**About this task:**
A line below contains "Groceries set in", and a later one contains "BlissTotes 3-Pack Laundry". Repeat both, with every line between them, exactly.

**Supplied material:**
• • • • •

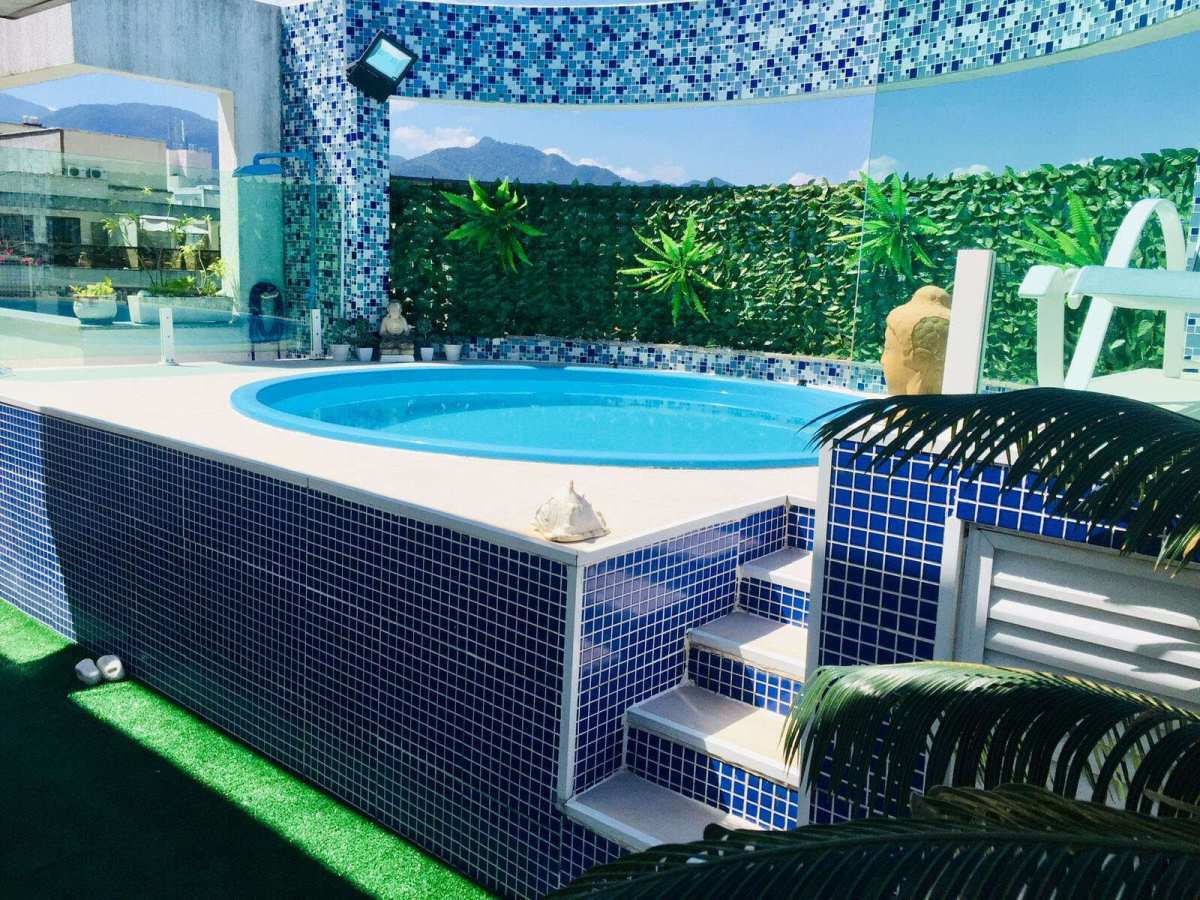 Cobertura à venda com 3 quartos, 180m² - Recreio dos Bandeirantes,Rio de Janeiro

• • • • •

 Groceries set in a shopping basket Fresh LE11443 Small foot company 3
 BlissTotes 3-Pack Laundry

• • • • •

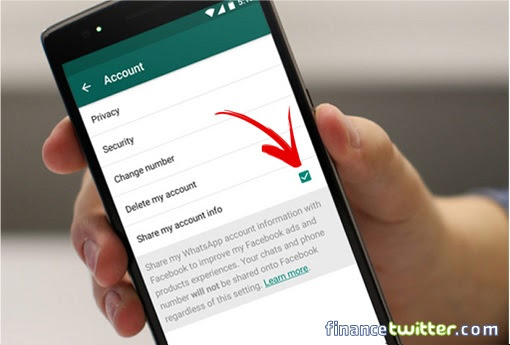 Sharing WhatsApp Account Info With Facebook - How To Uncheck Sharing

• • • • •

**Solution to the problem:**
 Groceries set in a shopping basket Fresh LE11443 Small foot company 3
 BlissTotes 3-Pack Laundry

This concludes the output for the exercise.